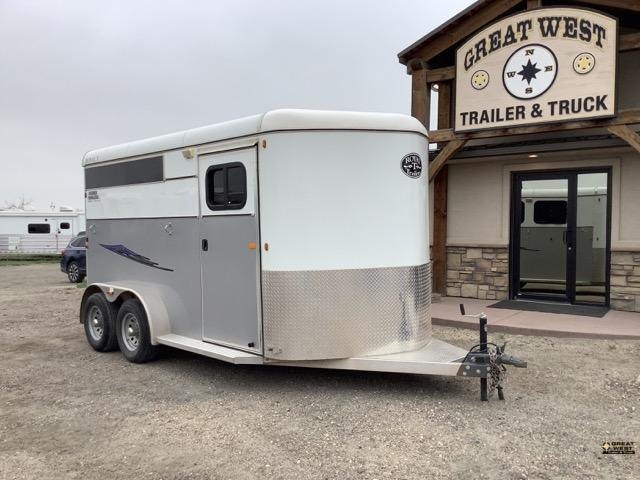 2015 Royal T Trailers 2 Horse Bumper Pull 2015 Royal T Trailers 2 Horse Bumper Pull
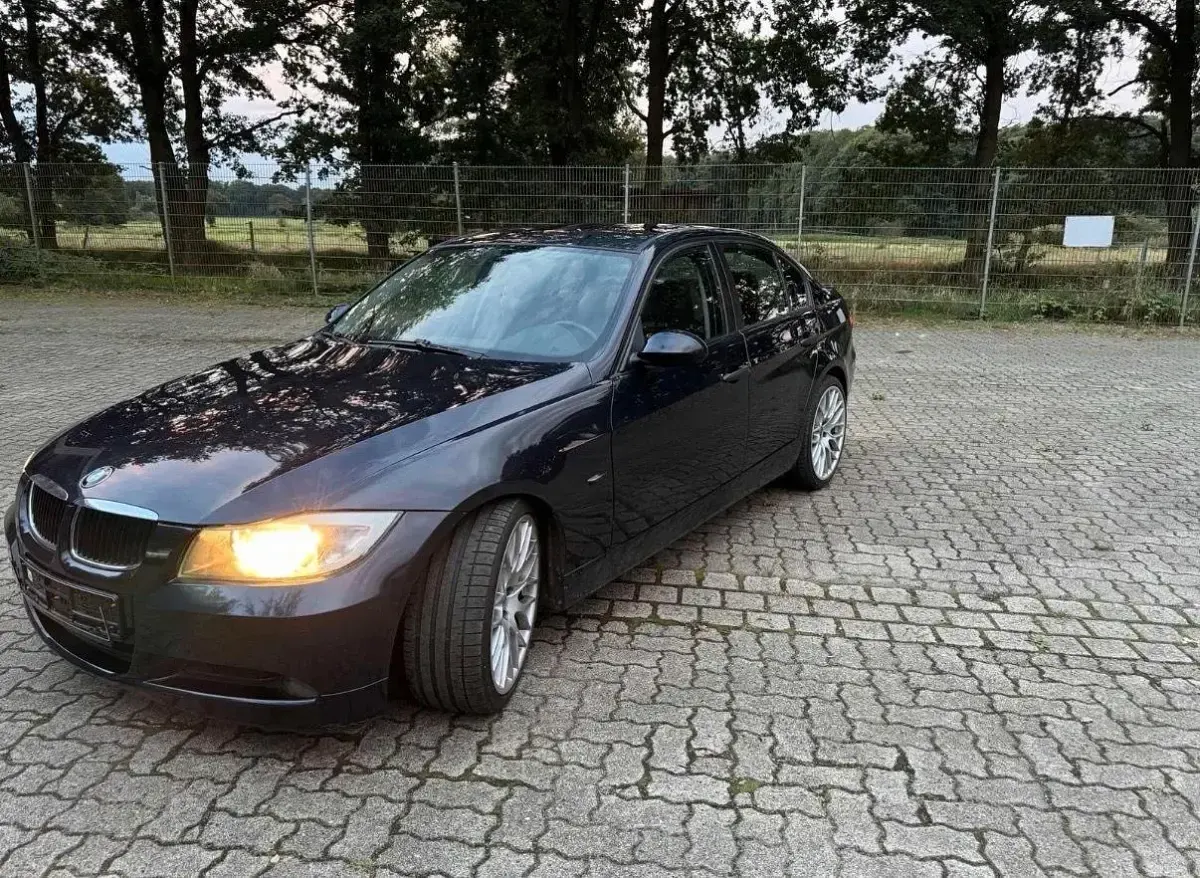 Gebraucht BMW 320 150 PS (110 kW) 2005 Blau Limousine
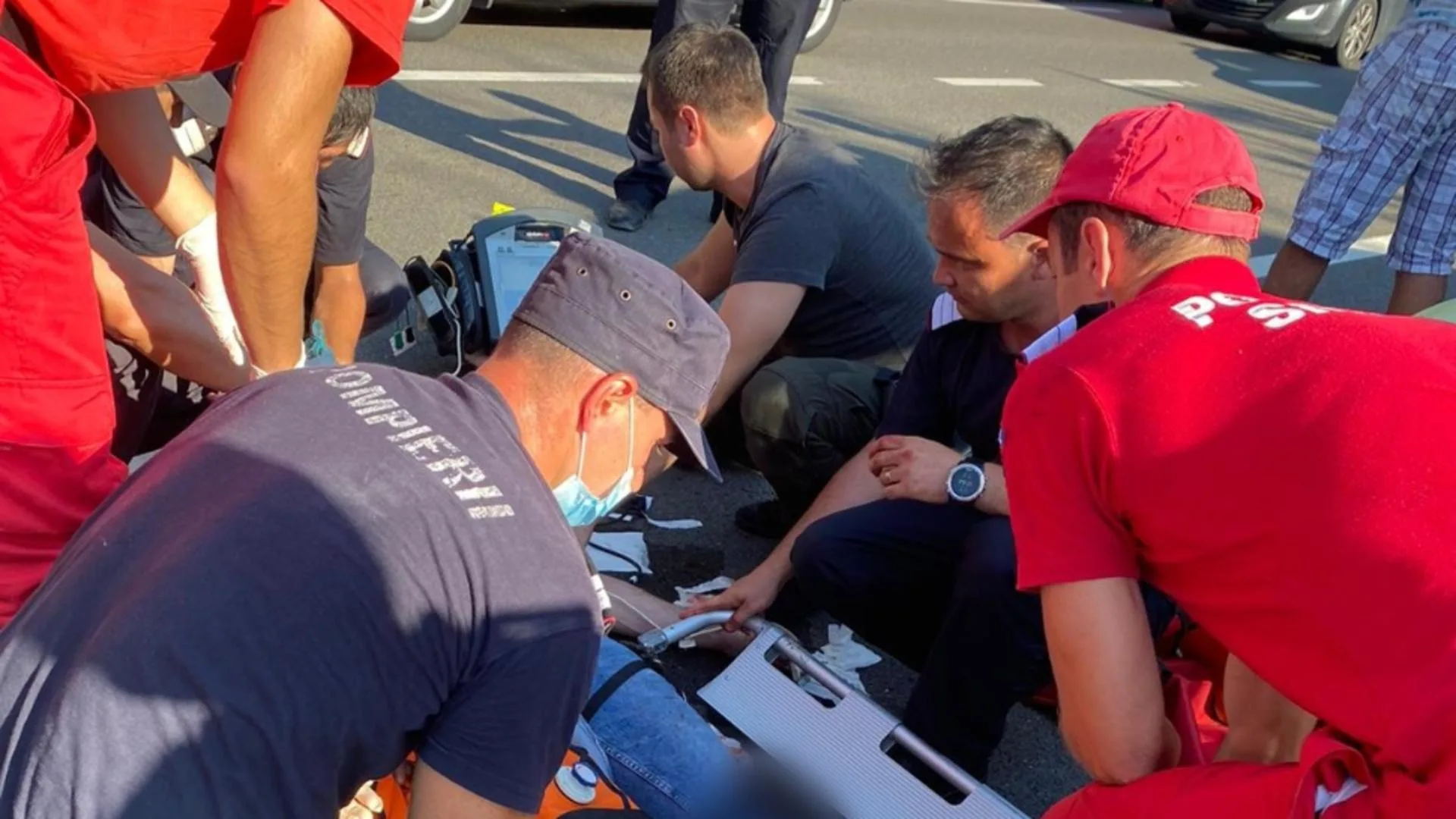 Pompierii buzoieni care se întorceau din Grecia au intervenit la un accident rutier produs în faţa lor
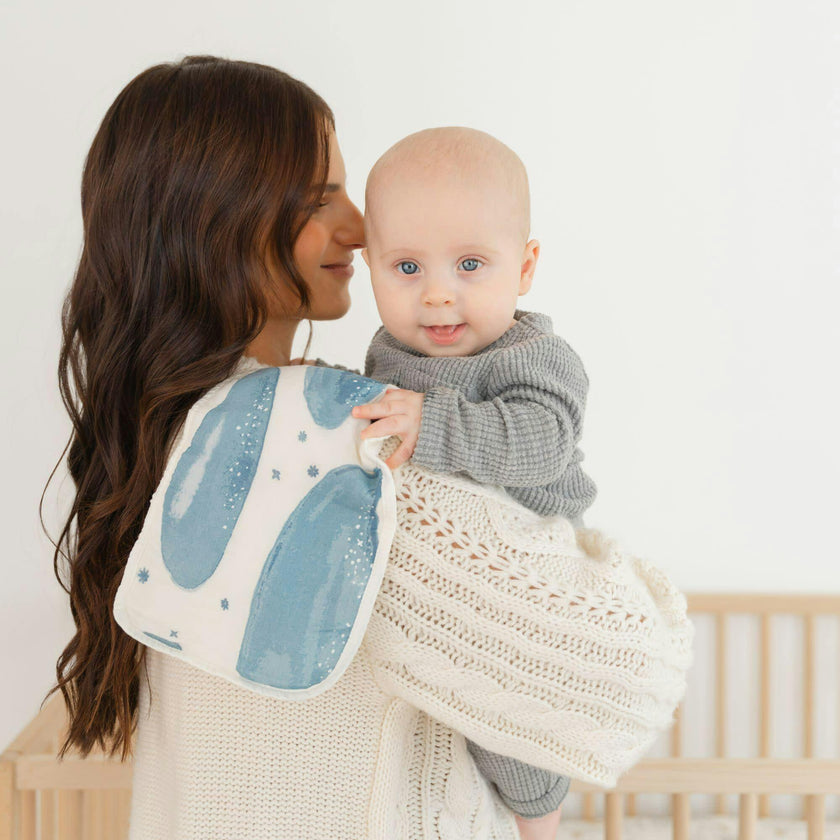 Caspian 3-pc. Newborn Burp Cloth Set (Whale)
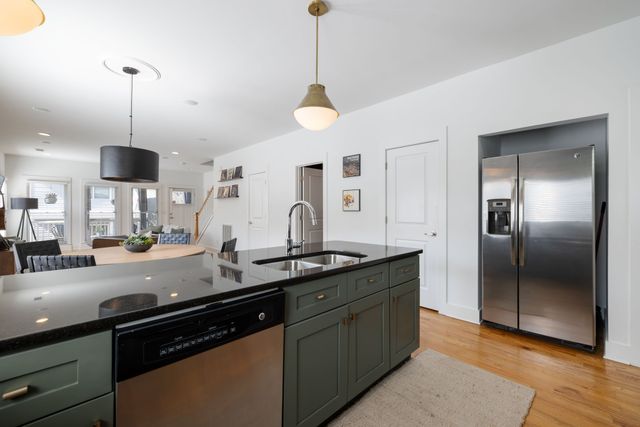 413 Van Buren St Ste 101, Nashville, TN 37208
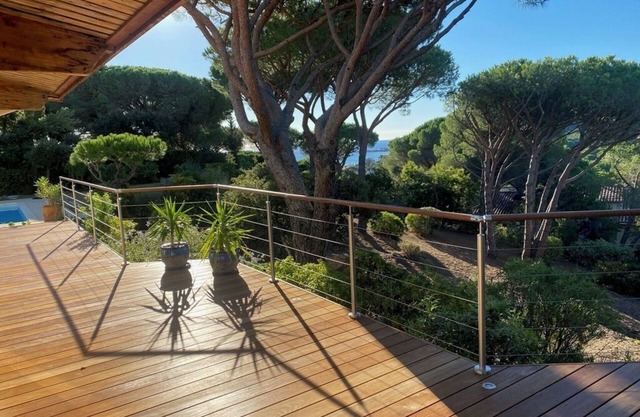 Somptueuse Villa Climatisée à 7 mn à Pieds de la Plage de la Nartelle ,vue mer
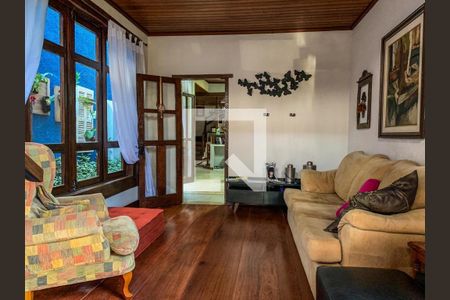 Sala de casa à venda com 3 quartos, 127m² em Santa Efigênia, Belo Horizonte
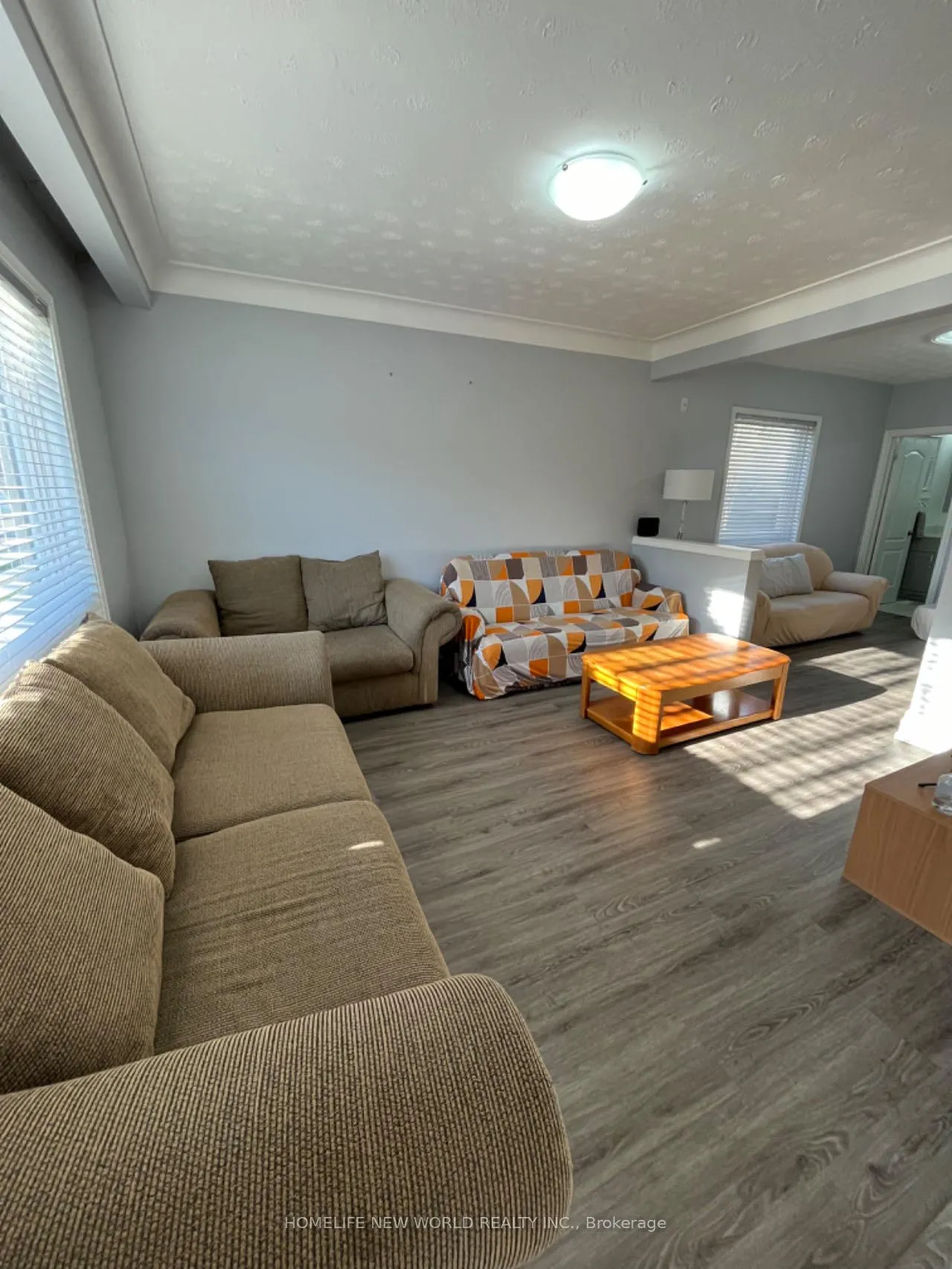 Photo 6 of 5021 Saint Clair Avenue, Niagara Falls, Downtown — HOMEH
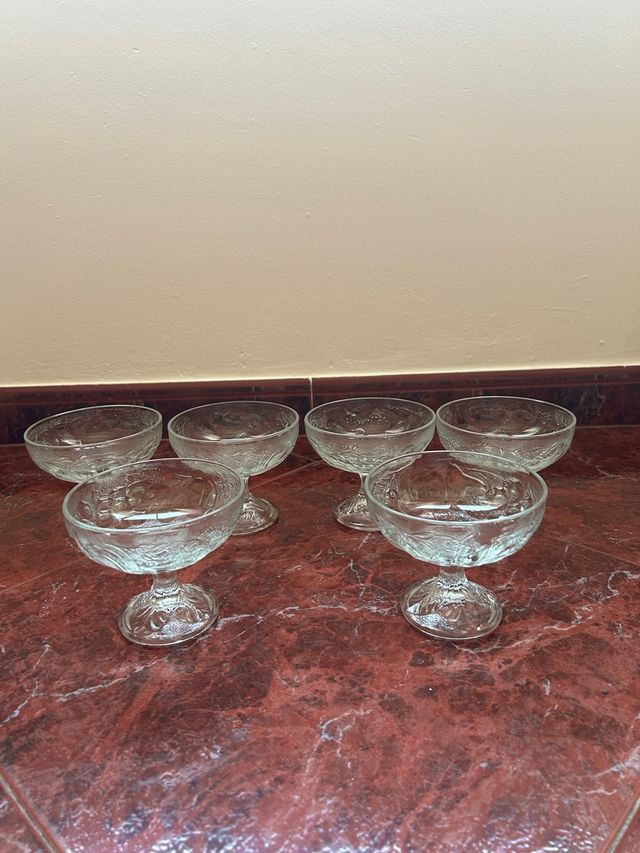 Juego de 6 copas de cristal grabado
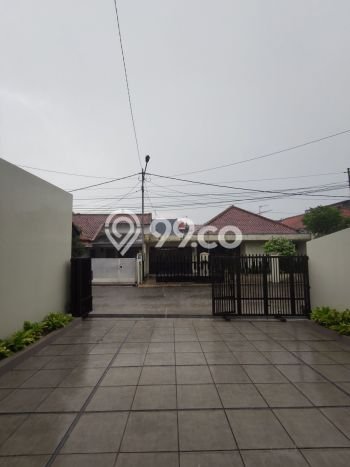 Hunian Cantik Modern Lb 140m2 di Batununggal, Bandung Hunian Cantik Modern Lb 140m2 di Batununggal, Bandung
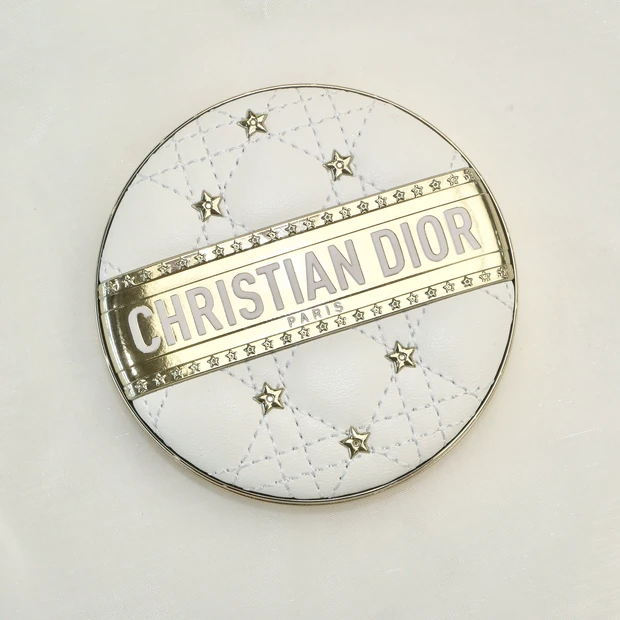 Dior ディオール スキン フォーエヴァー グロウ ルミナイザー クリスマスコフレ 2025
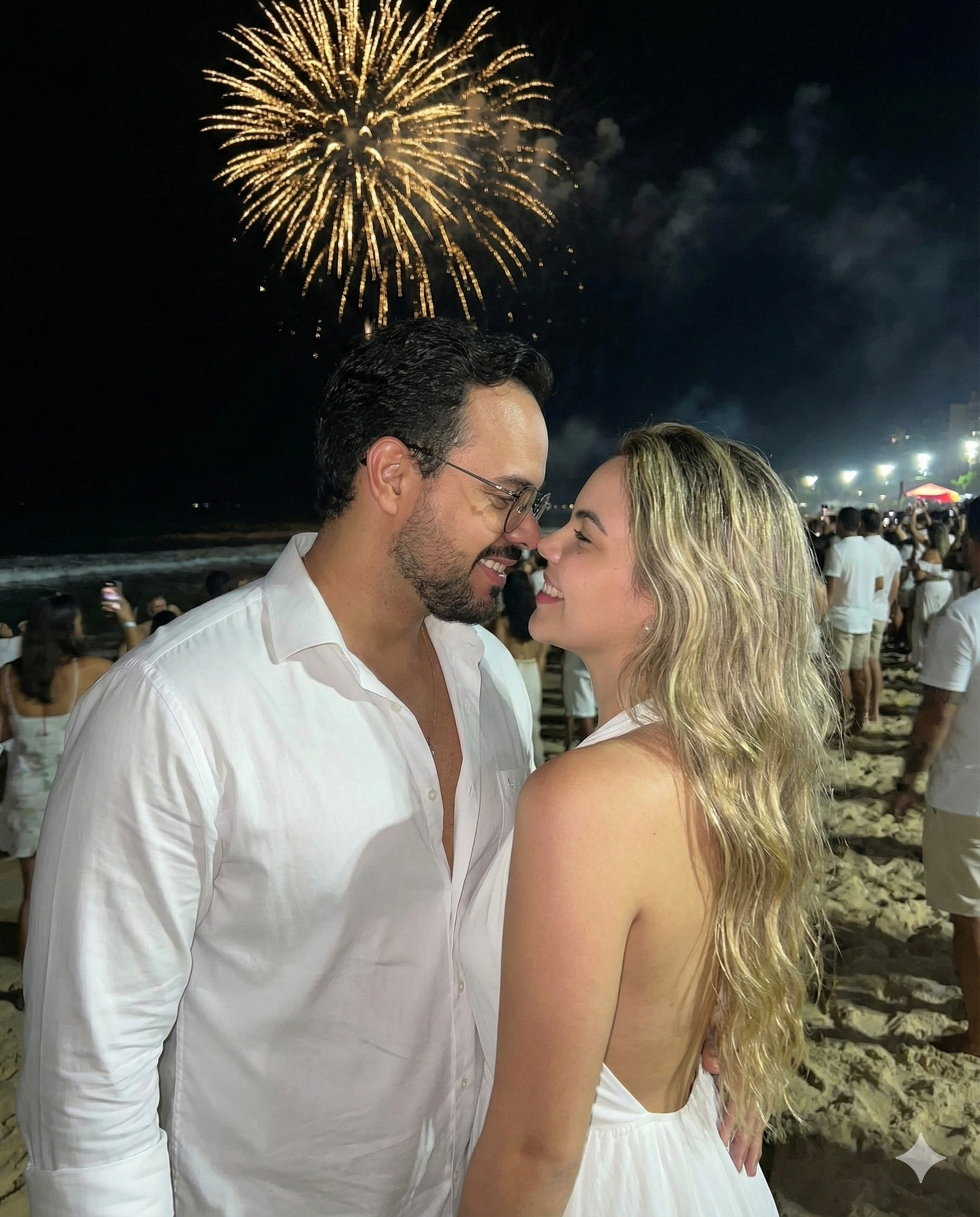 Foto de casal na praia ano novo fogos de artificio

■ Action item:
Exclude every picture, then return precisely the lines that run from the line containing "Juego de 6 copas de cristal grabado" through the end of the entries above.

■ Answer:
 Juego de 6 copas de cristal grabado
 Hunian Cantik Modern Lb 140m2 di Batununggal, Bandung Hunian Cantik Modern Lb 140m2 di Batununggal, Bandung
 Dior ディオール スキン フォーエヴァー グロウ ルミナイザー クリスマスコフレ 2025
 Foto de casal na praia ano novo fogos de artificio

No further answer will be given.